Vi è una cosa che lega fortemente tutti i protagonisti del Conte 2, inclusi Renzi e Boschi, ovvero la paura folle di andare ad elezioni anticipate e quindi di ricevere dagli italiani un sonoro ceffone. Perciò è concreta la possibilità che nessuno, nemmeno Italia Viva, voglia davvero rompere sulla plastic tax o sulle auto aziendali, e si cercherà piuttosto di inserire qualche modifica raffazzonata in modo che un po’ tutti salvino quel poco di faccia di cui ancora dispongono, senza però cambiare l’impianto altamente depressivo della manovra. E i parlamentari di Italia Viva, come hanno fatto finora, continueranno a votare le succitate degenerazioni socialistoidi e dirigiste, predilette dalla nuova sinistra di Di Maio e da quella più attempata di Nicola Zingaretti. Renzi dice che questo governo è nemico della classe media, e non ha affatto torto. Peccato solamente che il Conte 2 sia divenuto realtà grazie proprio all’apporto determinante del sedicente liberale Matteo Renzi. La storia politica renziana, giova ricordarlo, nasce nel Partito popolare di Gerardo Bianco, Marini e Castagnetti, prosegue nella rutelliana Margherita e sfocia nel Partito democratico.
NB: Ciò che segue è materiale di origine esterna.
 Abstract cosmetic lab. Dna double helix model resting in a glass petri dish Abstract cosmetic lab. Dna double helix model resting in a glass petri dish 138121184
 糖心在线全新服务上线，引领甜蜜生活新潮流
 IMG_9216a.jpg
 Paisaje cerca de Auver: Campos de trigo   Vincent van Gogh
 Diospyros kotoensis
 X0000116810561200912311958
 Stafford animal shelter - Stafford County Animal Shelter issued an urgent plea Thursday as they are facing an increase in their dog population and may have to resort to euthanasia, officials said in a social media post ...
Con una costante, ovvero l’appartenenza a quel mondo cattolico ed ex democristiano sempre schierato a sinistra. I cattolici di sinistra o centrosinistra, in passato definiti come cattocomunisti, sono fra i principali artefici dell’assistenzialismo e del fisco iniquo tipicamente italiani, tutt’oggi complicati da riformare. Diventa difficile intravedere un liberale in un personaggio politico dotato di questo curriculum, anche se il liberalismo è stato usato e bistrattato da troppi nell’ultimo ventennio. Per carità, cambiare idea è possibile, e a volte è persino salutare, ma i ripensamenti sono credibili solo quando la convinzione è reale e i conti con il passato, più o meno recente, sono stati fatti seriamente. Altrimenti si tratta unicamente di riverniciature improvvisate per scopi di marketing politico, e si ha la stessa credibilità di chi, come la Boschi, scopre ad un certo punto tutti i lati riprovevoli del proprio partito, dopo anni di brillante carriera. Se Matteo Renzi vuole essere preso sul serio da un punto di vista liberale, inizi a parlarne con i suoi, a cominciare dal deputato Luigi Marattin, ovvero colui che pretende la carta d’identità per l’uso dei social. Schedare gli utenti del web può rappresentare tutto, tranne che il liberalismo.